Em janeiro de 2014, o MPF expediu nova recomendação à Marinha, na intenção da remoção dos militares supostamente envolvidos em casos de agressão relatados ao órgão. Em maio de 2014, o MPF e a Defensoria Pública da União na Bahia (DPU/BA) ajuizaram ação conjunta contra o Incra buscando a publicação do RTID. No mês seguinte, a liminar foi concedida pela Justiça Federal.

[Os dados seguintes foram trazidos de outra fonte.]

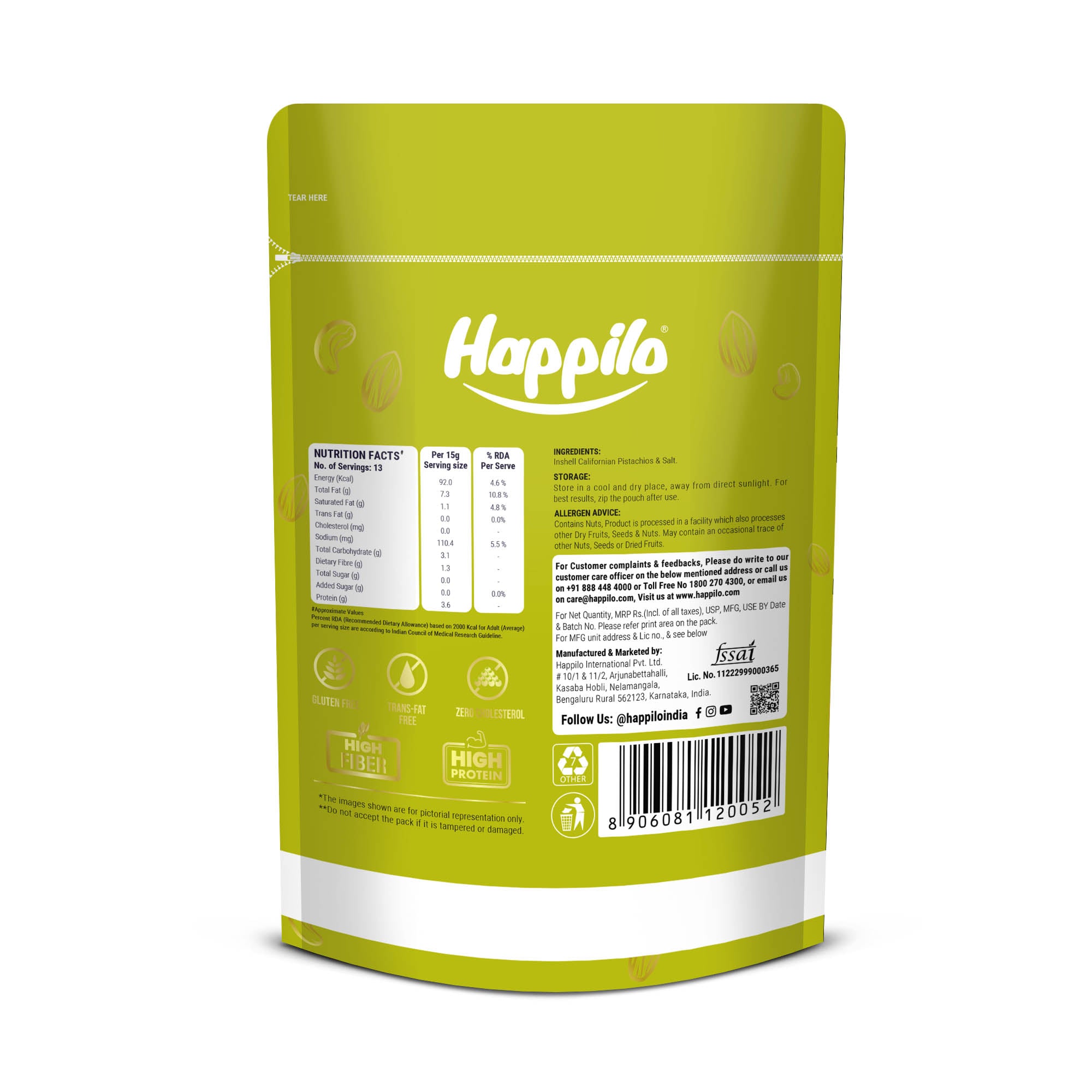 Happilo Freshly Roasted & Salted California Pistachios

Em agosto de 2014, foi publicado no Diário Oficial da União, pelo Incra, o RTID, identificando 301,3695 hectares de terra quilombola, e regularizando uma área de 104,8787 hectares para a comunidade. Segundo o Incra, “a delimitação se deu pela necessidade de assegurar a regularização das terras quilombolas e também a manutenção de áreas necessárias à segurança nacional (acesse, pelo link, a notícia do Incra)”.

Em 8 de fevereiro último, o STF (Supremo Tribunal Federal) decidiu manter o decreto presidencial que regulamentou, em 2003, que a demarcação de terras de comunidades quilombolas é constitucional (acesse, pelo link, a notícia da Empresa Brasil de Comunicação). Após 14 anos de tramitação, os ministros mantiveram as regras de autodeterminação, pelo qual a própria comunidade determina quem são e onde estão os quilombolas, além do direito à posse das terras que eram ocupadas no momento da promulgação da Constituição. O Decreto 4.887/2003 dispõe sobre os procedimentos para identificação, reconhecimento, delimitação, demarcação e titulação das terras ocupadas por remanescentes das comunidades de quilombos.

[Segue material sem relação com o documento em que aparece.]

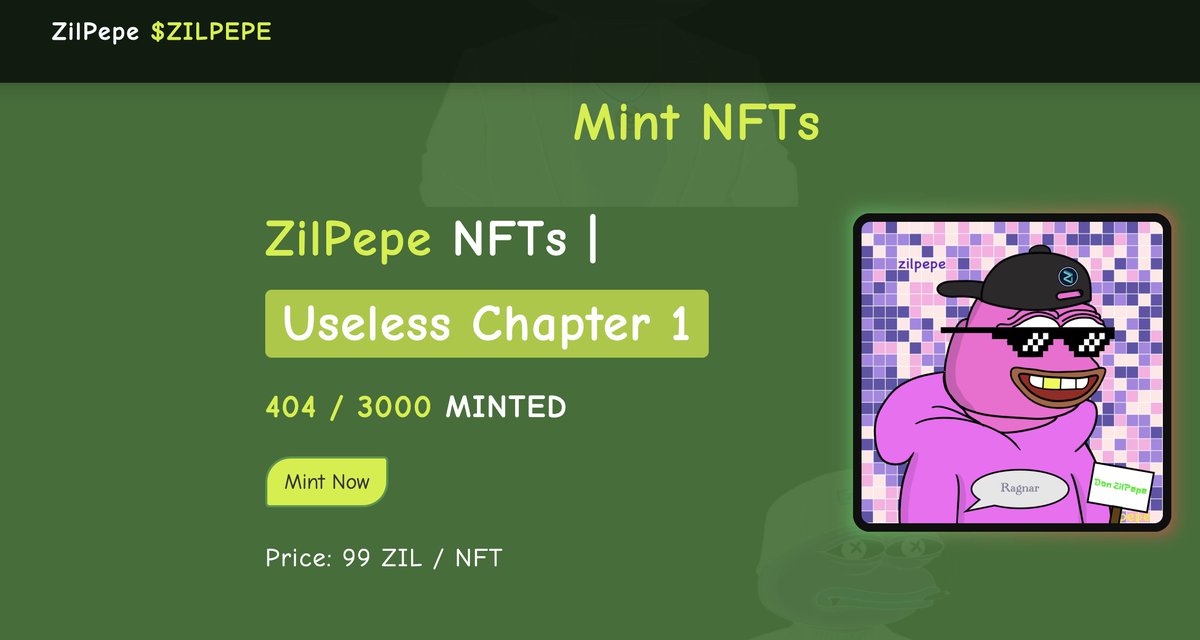 Minting 10 more #ZilPepe NFTs directly from the market for 10 more #Airdrops.
 
Link: zilpepe.com/nfts

For the #community
For the #Culture 
For the #Zilliqa 
For the #ZilPepe 
For the #memecoinseason2023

Ainda em fevereiro de 2018, o MPF e a 6ª Câmara de Coordenação e Revisão – câmara do MPF que trata de Populações Indígenas e Comunidades Tradicionais – realizaram no dia 28 audiência pública em Salvador. Na reunião foram discutidas a situação territorial da comunidade, o acesso à área e às águas do Rio dos Macacos, além de encaminhamentos necessários para a titulação do território quilombola.

Em 21 de outubro de 2019, a Justiça Federal confirmou decisão liminar sobre demarcação e titulação das terras da comunidade remanescente de quilombos de Rio dos Macacos, determinando que o Incra concluísse o procedimento de demarcação e titulação das terras no prazo máximo de 540 dias.